706 F2d 1198 United States v. Ceballos a

706 F.2d 1198

13 Fed. R. Evid. Serv. 673

UNITED STATES of America, Plaintiff-Appellee,
German CEBALLOS, Frank Joseph Williams, David Larue
Williams, Juan Caicedo Rodriguez, Pedro A.
Jimenez, Jesus Antonio Mesa, Leopoldo
Caicedo, and Gratiniano
Vallecilla Prado,

No. 81-5527.

United States Court of Appeals,
Eleventh Circuit.

June 10, 1983.

H. Lee Bauman, Miami, Fla., for Frank J. Williams.

Davis G. Anderson, Jr. (Court-appointed), Tampa, Fla., for David Larue Williams & Ceballos.

Robert A. Herce (Court-appointed), Tampa, Fla., for Juan C. Rodriguez.

Thomas M. Gonzalez (Court-appointed), Tampa, Fla., for Jesus Antonio Mesa, Pedro A. Jimenez, L. Caicedo & C.V. Prado.

William B. King, Asst. U.S. Atty., Tampa, Fla., for plaintiff-appellee.

Appeals from the United States District Court for the Middle District of Florida.

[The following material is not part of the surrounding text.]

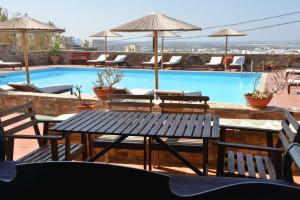 a swimming pool with a table and chairs at Paradisia Villas in Naxos Chora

Before RONEY and CLARK, Circuit Judges, and GIBSON*, Senior Circuit Judge.

RONEY, Circuit Judge:


This direct appeal arises out of the conviction on drug-related charges, after arrest on the high seas off the Florida Gulf coast, of eight crewmen on board the shrimper "Carol." On appeal, all eight defendants challenge the legality of the boarding by Coast Guard and Customs officers, and the sufficiency of the evidence either to establish that they knew the cargo consisted of marijuana, or to prove, even if they were aware of its contents, that they intended and conspired to distribute and import the marijuana. Defendant David Williams attacks the admission at trial of a letter sent by him, to a law enforcement officer subsequent to his arrest, offering to cooperate in return for "some things." We affirm.


I. Legality of the Boarding, Search, Seizure and Arrest


The key to the legality of the boarding by both Coast Guard and Customs officers is whether the action can be attributed, in whole or significant part, to the Coast Guard or whether it must be attributed entirely to the Customs Service, the Coast Guardsman acting simply as an agent of the Customs Service. The distinction is critical because the two government agencies possess substantially different authority to stop and board vessels on the high seas. The Coast Guard may stop and board American vessels on the high seas to check for safety, documentation and obvious customs and narcotics violations. See 14 U.S.C.A. Sec. 89(a). The exercise of this authority is reasonable within the meaning of the fourth amendment even in the absence of any suspicion of criminal activity, let alone probable cause. United States v. Clark, 664 F.2d 1174, 1175 (11th Cir.1981); United States v. Mazyak, 650 F.2d 788, 790 (5th Cir.1981), cert. denied, 455 U.S. 922, 102 S.Ct. 1281, 71 L.Ed.2d 464 (1982); United States v. Jonas, 639 F.2d 200, 202 (5th Cir.1981); United States v. DeWeese, 632 F.2d 1267, 1269 (5th Cir.1980), cert. denied, 454 U.S. 878, 102 S.Ct. 358, 70 L.Ed.2d 188 (1981); United States v. Williams, 617 F.2d 1063, 1075 (5th Cir.1980) (en banc); United States v. Erwin, 602 F.2d 1183, 1184 (5th Cir.1979), cert. denied, 444 U.S. 1071, 100 S.Ct. 1014, 62 L.Ed.2d 752 (1980); United States v. Warren, 578 F.2d 1058, 1064-65 (5th Cir.1978) (en banc), reaff'd in relevant part on reh'g, 612 F.2d 887 (5th Cir.) (en banc), cert. denied, 446 U.S. 956, 100 S.Ct. 2928, 64 L.Ed.2d 815 (1980).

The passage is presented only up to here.